Sure kid, I believe you.
- You will realize the way you want to raise your kids. You are working for someone else’s rules, so if the kid is crying and doesn’t want to do things you know they have to do you still have to force it upon them. You will be the bad guy at times. You will see sides of kids you forgot you had when you were little, and you will realize what you do and don’t want for your kids if you have any.
- Do you like paperwork? Get ready to drown in paperwork and give all your information to a foreign government, your family and the organization. It won’t all just happen at once either. It will be months and you will still be asked, “have we received x document from you yet?” You’ll open a bank account and ask yourself, “what did I just do?” Get ready to ask many questions and feel like you are running around in circles.
- This is not a vacation and it will drive you crazy when friends and family back home ask you how your year-long vacation is going. Between dropping off and picking up the kids from school, making sure their homework is done, cleaning, cooking and errands to run, by the end of the day you will be exhausted. All you will want to do is go to your room, curl up in bed and watch a good movie. Your actual time to go sightseeing and having fun will most likely be on the weekends.
- You will be poor. Accept that now. Sure, you saved up enough money and obviously you are getting paid for your work but you will still feel like it is not enough. Between going out with friends, touristy things, travel and *shopping*, your wallet will just feel like a piece of accessory and extra weight in your purse. Accept that reality now, it is part of the experience.

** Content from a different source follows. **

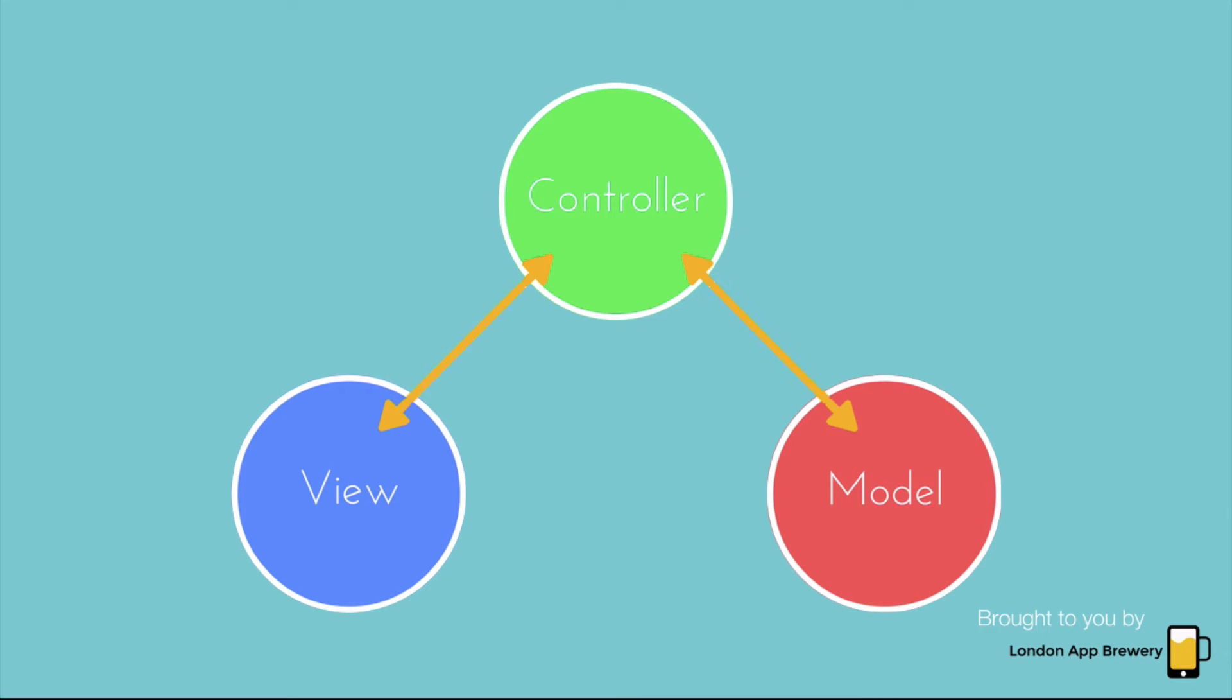So let's take an example, for example, the Tinder app. So after you've swiped right on some lucky person, in order for the app to deliver the next profile, the controller registers your swipe, it goes to the data model, retrieves the data for the next person.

- You will be eating everything and anything in sight… or not. It depends on the kind of person you are. Do you love to try food? Then get ready to indulge in everything and anything. If you are a picky eater, get ready to be extra picky. Half of the time, you will not even know what you are eating. Sometimes, it is better that way.
- Get ready to be extremely homesick and calling your parents/friends for 2 hour long skype talks. Also food. You will miss food. You will not be homesick fresh off the boat, but once your life starts in this foreign land and you enter Facebook and Twitter to check up on friends and family, a little part of you will be saying, “I miss them”. I have spent more hours on the phone than I can imagine catching up with my friends and family about life, because they will also miss you and you can hear it in their voices. It is bittersweet but it is an honest reality (especially on difficult days with the kids/paperwork). Also, every once in a while a random craving will show up. Chipotle. That sounds really good right now.

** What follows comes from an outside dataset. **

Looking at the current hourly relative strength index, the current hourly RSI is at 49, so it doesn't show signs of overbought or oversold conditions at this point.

- You will make embarrassing cultural and language mistakes, so get ready to laugh it off and save it for a funny story. You might just start getting used to people looking at you strangely when you try to express yourself in their language, or maybe you pronounce something slightly wrong which in reality means a completely different thing in that language and people start laughing at you. Get used to it. It is not personal and it is all about the learning experience. Besides, hours later you will find yourself laughing with friends over dinner about it. It makes up for a good story later.

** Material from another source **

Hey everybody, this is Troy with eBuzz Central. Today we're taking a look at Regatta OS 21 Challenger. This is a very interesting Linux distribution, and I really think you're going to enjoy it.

- You will get lonely and you need to know how to deal with it. You will be walking streets alone, lost in your thoughts. Friends will be caught up with their own host families and lifestyle. It is scary but also kind of fun to be *dating* yourself.
- You will be living out of a suitcase. Where are you going next week? London? San Sebastian? Amsterdam? Brussels? Nice? Honestly, half of the trips you will be making will be so unplanned and out of the whim you’ll learn to throw out the things you don’t need and live with the necessities. Make sure a camera is part of the necessities. Pictures, pictures, pictures…
- Be prepared to make friends with random strangers. You can’t be afraid to talk to random people. You’re in a new city by yourself and you want to indulge in the culture. The first few months, you will be attracted to people that come from a same speaking country like you but you have to put yourself out there, it is part of the experience. You came to learn the language. You’ll end up talking to people on the bus, metro, train rides, planes, park benches, museums, etc. It kind of is fun talking to people who know nothing about you.
- You won’t regret it. You will have your days where you will question yourself, but the moments that catch your breath will take all those uneasy feelings away. You’ll be sitting by a palace enjoying a picnic or walking through a random street discovering new things and your smile will seem to not be able to wipe itself away from your face. It’s perfect and those reasons are why you decided to be an au pair.